EL CRISTO DE LA SOLEDAD
En
la Semana Santa es lógico pensar que hay miles de Señores. Sólo evoco los más
famosos. En el Cusco, el Taitacha Temblores de cuerpo magro ennegrecido por el
humo de las velas y la savia dulce de las flores. En Ica, el Señor de Luren,
una efigie de segunda que fue pagada con limosnas por el cura Madrigal y por milagro
resultó de primera, salvado de la corrosión del agua que inundó las bodegas del
galeón que lo trajo de España. En Ayacucho, el Nazareno de Julkamarka hecho por
los ángeles igual que el Señor de Huamantanga, en Lima. En Arequipa, el Señor
del Gran Poder flanqueado por anónimos penitentes de albos cucuruchos. En Huaraz,
Ancash, el Señor de la Soledad, que emergió de un árbol en un bosque profundo.
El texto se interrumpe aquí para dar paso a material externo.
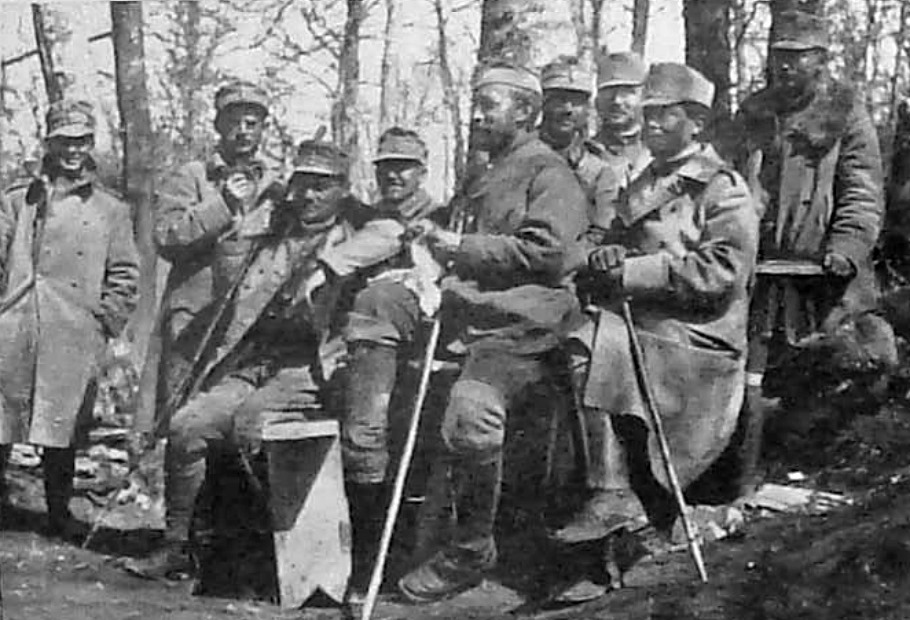 Offiziere II/73 mit Hptm Schafarik April 1915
En Puno, el Cristo de la Bala enviado por Carlos V que protegió a su devoto
recibiendo el proyectil que lo iba a matar. En Monsefú, Lambayeque; en Ayabaca,
Piura, y en los Barrios altos, Lima, el patético Señor de los Trinitarios que fue Cautivo de los moros. En
Tarma, Junín, el Cristo Yacente que pasa sobre las floridas "alfombras"
de keyserinas, arrayanes, retamas y wairanpos, que “tejen” con puras flores sus
fervorosos devotos. Cada uno con más de una historia prodigiosa, testimoniando
con su presencia torturada y sangrante la fe de las gentes del Perú.